Saint of the Day – 18 September – Saint Richardis (839-c 895) Holy Roman Empress, Benedictine Abbess – born in 839 at Andlau, Alsace, France and died in c 895 at Andlau, Alsace, France of natural causes. Patronages – Andlau, protection against fire. She was renowned for her piety and was the first abbess of Andlau. Repudiated by her husband, Richardis later became a Christian model of devotion and just rule.
She was born in Alsace, the daughter of Erchanger, count of the Nordgau, of the family of the Ahalolfinger.
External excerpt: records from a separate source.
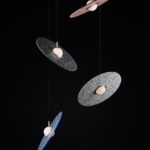 Pendant Lamp - Black Terrazzo | Pendants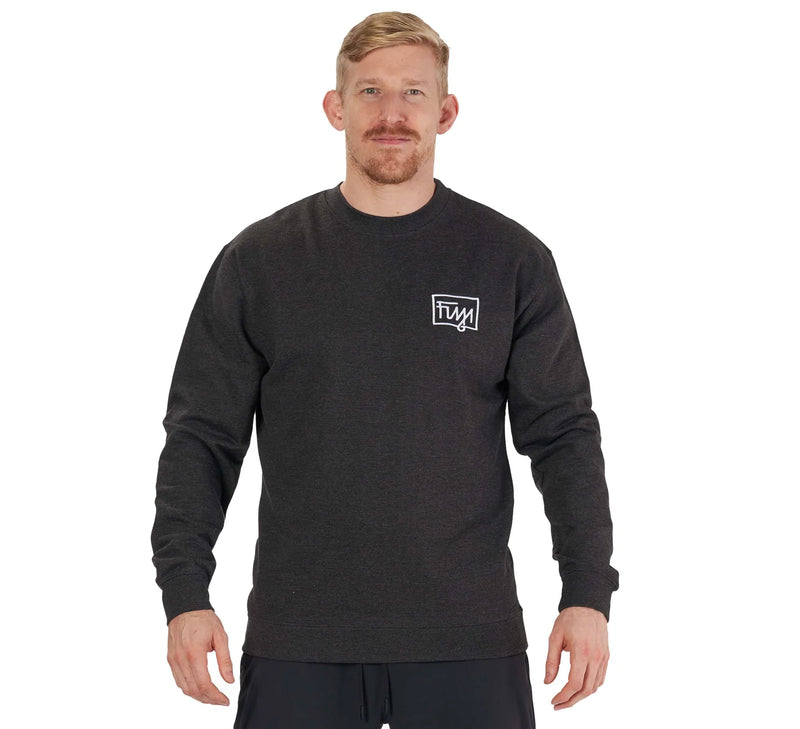 FUJI Demon Crewneck Charcoal Grey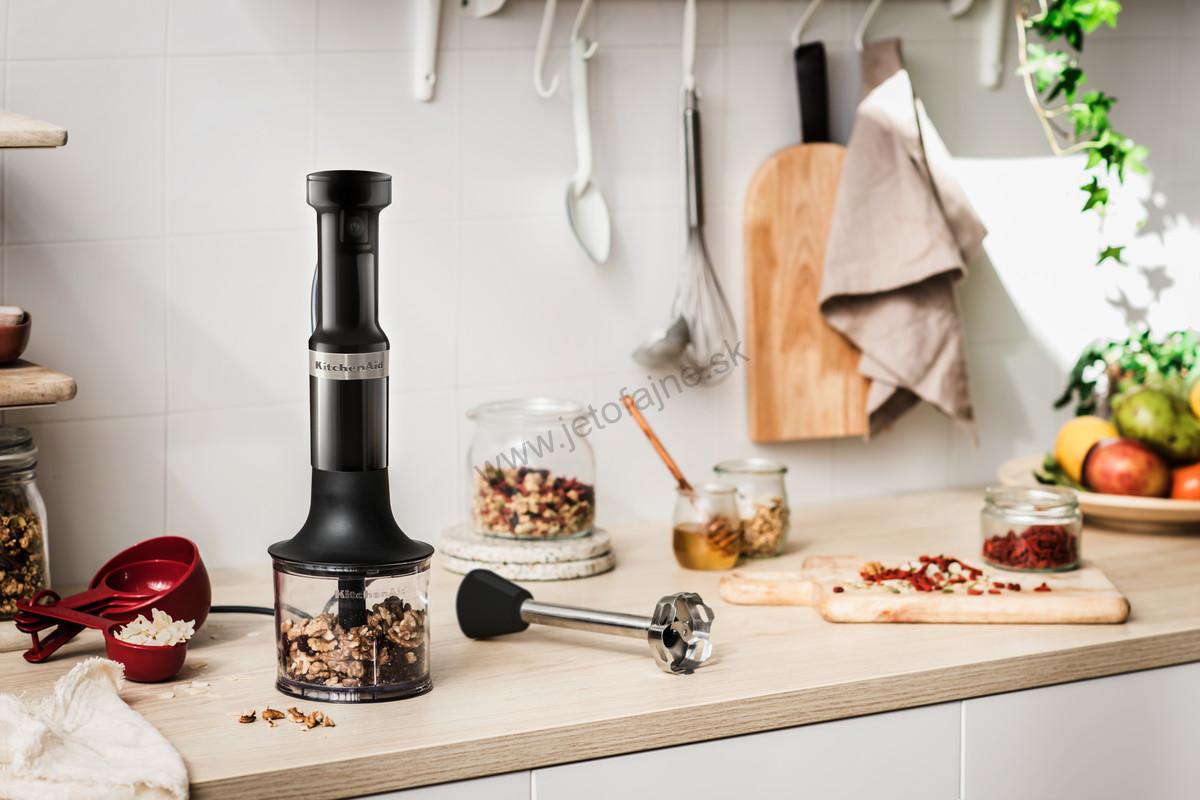 Tyčový mixér bezdrátový 5KHBBV83 mix farieb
She married Charles in 862 and was crowned with him in Rome by Pope John VIII in 881. The marriage was childless.
Charles’ reign was marked by internal and external strife, caused primarily by the constant plundering of Norman raiders on the northern French coast. These attacks had intensified as the aggressors, no longer content to pillage the coastline, had moved their attentions to cities and towns along the rivers. The Carolingian world was unable to effectively deal with these external threats.
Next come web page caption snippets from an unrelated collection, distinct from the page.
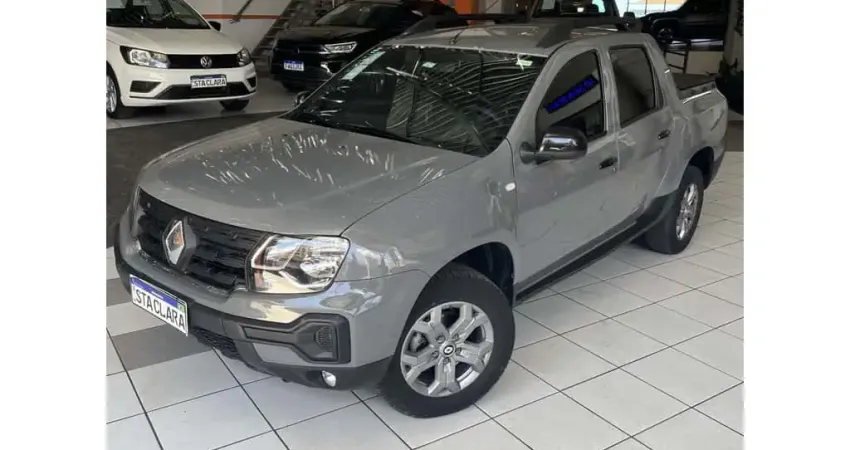 Renault Oroch 2023 1.6 16v sce flex intense manual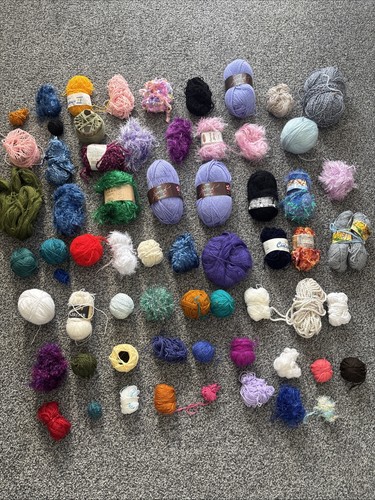 Yarn wool job lot bundle - /,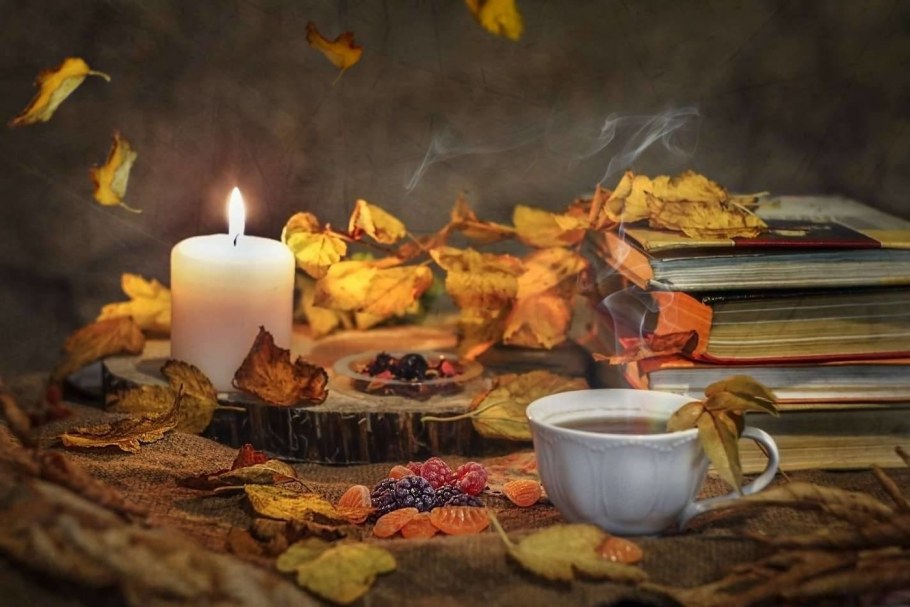 Осенний вечер чай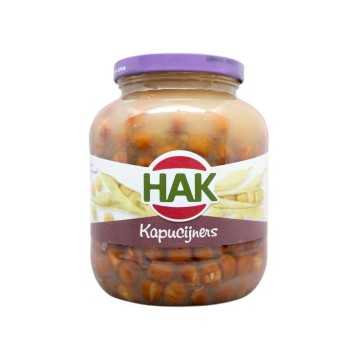 Hak Kapucijners / Judías 715g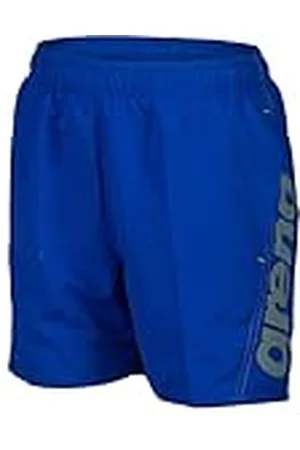 Arena Fundamentals Logo Jr Boxer R Swim Trunks voor kinderen en jongeren, , 6-7 Jaar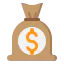 Money bag icon 64x64
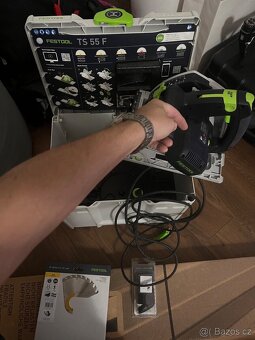 Festool ts 55 rebq fs plus +prislusenstvi NOVÉ - 2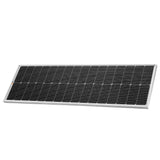 MEGA 100 SLIM | 100 Watt Slim Solar Panel | Compact 12V Off-Grid Narrow Solar Panel for Campers, Overlanders, Boats | 25-Year Output Warranty | UL Certified - RICH SOLAR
By 887, Charles appears to have succumbed to fits of madness. During this crisis, Richardis attempted to rule in her husband’s stead but was unsuccessful. In an effort to bring down the over-powerful and hated Liutward, Charles’ Archchancellor, he and Richardis were accused by Charles and his courtiers of adultery. Charles asserted that their marriage was unconsummated and demanded a divorce. She was put to the ordeal by fire, which she passed successfully.
Protected by her family, she then withdrew to Andlau Abbey, which she had founded on her ancestral lands in 880 and where her niece Rotrod was abbess. (Richardis herself was previously lay abbess of religious houses at Säckingen and Zurich). She died at Andlau on 18 September and was buried there.
Richardis was later Canonised and remains translated in November 1049 by Pope Leo IX to a more impressive tomb in the newly rebuilt abbey church. The present tomb dates from 1350.